Autechre hit that solipsistic sweet spot of being abstract but emotional at the same time; it was headphone music. There are all the affordances of dance music, but without the troublesome element of other people. This went all the way through: track titles were computerese, some sort of remixed English, and the graphics were abstract (or, with Amber, too perfect to seem real). The sound then was unrecognizable: it didn’t sound like anything. Now it sounds like plenty of other things; it sounds like synthesizers and drum machines, like dance music, if the dance music wasn’t particularly good at being dance-y and dignified that approach by saying it just wasn’t interested in dancing. Maybe it’s the sense of pure abstraction: there weren’t lyrics, and interviews with the two fellows behind the music didn’t really provide anything. The song titles are signifiers, though there’s not very much that can be read from them beside a love of technological obfuscation. Without sounds from recognizable instruments (for the most part) or much sense of how it might be made, the listener could hang anything he – it’s almost always a “he” – wanted on the music.

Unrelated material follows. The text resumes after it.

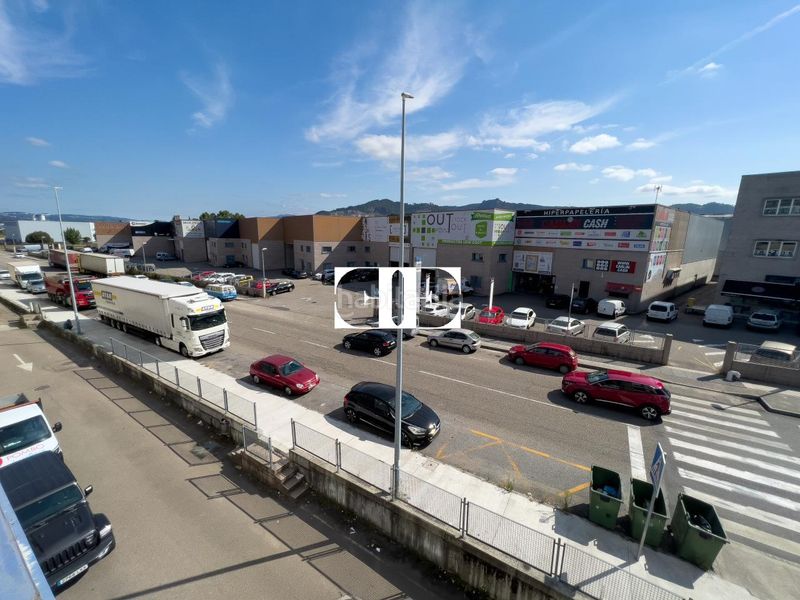 Foto ee244ba0-06ad-41af-b942-13989457843b. Miete geschäftsraum in Porriño (O)
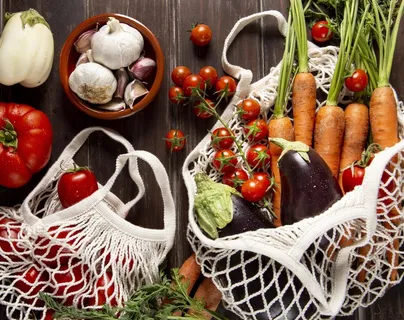 胡萝卜和蔬菜袋顶视图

There have been a number of Autechre albums since then; I know I bought at least the next two, and maybe the third, though that looks less familiar. Another one just came out, and I dutifully listened to it, though I didn’t love it. The bloom came off the rose with Confield: I was disappointed with this record and never quite managed to get my enthusiasm back. Part of this was how important LP5 and EP7 had been: expectations build. There’s also the problem, of course, of what I wanted from the musicians: both to stay the same and yet to do something new, which isn’t really a nice place to put someone. Files calling themselves Confield had been floating around before the album was actually released; I dutifully downloaded them and liked them before finding out that they were fake: to the trash they went. After the actual album came out, I noticed that I’d liked the fake better than the real; that fake version seems to have vanished into the Internet, though I assume it’s still around somewhere.

Listening to it now, I wonder how many times I actually listened to this album. I expect that I listened to it over and over again on first getting, hoping that something would click and that I’d like it: that was something one did when there was an actual investment of capital in a record, when you had to justify why you’d spent L39,000 – is that number, the one I remember, really what I was paying for CDs then? – to find something worthwhile in that expenditure: music-buying was a strange thing. But I wonder if I ever pulled this CD out after 2001; it’s entirely possible that it’s sat in the CD-case in which I brought it from Rome since then. I can’t think of what would have impelled me to pull it out. Some of the sounds are nice (the first half of “Pen Expers,” for example, the metalic clanging in “Parhelic Triangle” that’s almost chiming), but the the rhythms remain arbitrary (the second half of “Pen Expers”) and don’t seem to justify their arbitrariness to my ears; there’s not a lot of melody, and one wonders whether the rhythms are entirely random. Nor is there much sense of drama, though there’s a hint of that in “Eidetic Cassein.” My taste in electronic music after 2001 tended towards the more regularly rhythmic: techno and house rather than this. I’d probably like more straightforward remixes of this, but I don’t know that anyone ever really bothered. A beatless version of this record might be very nice.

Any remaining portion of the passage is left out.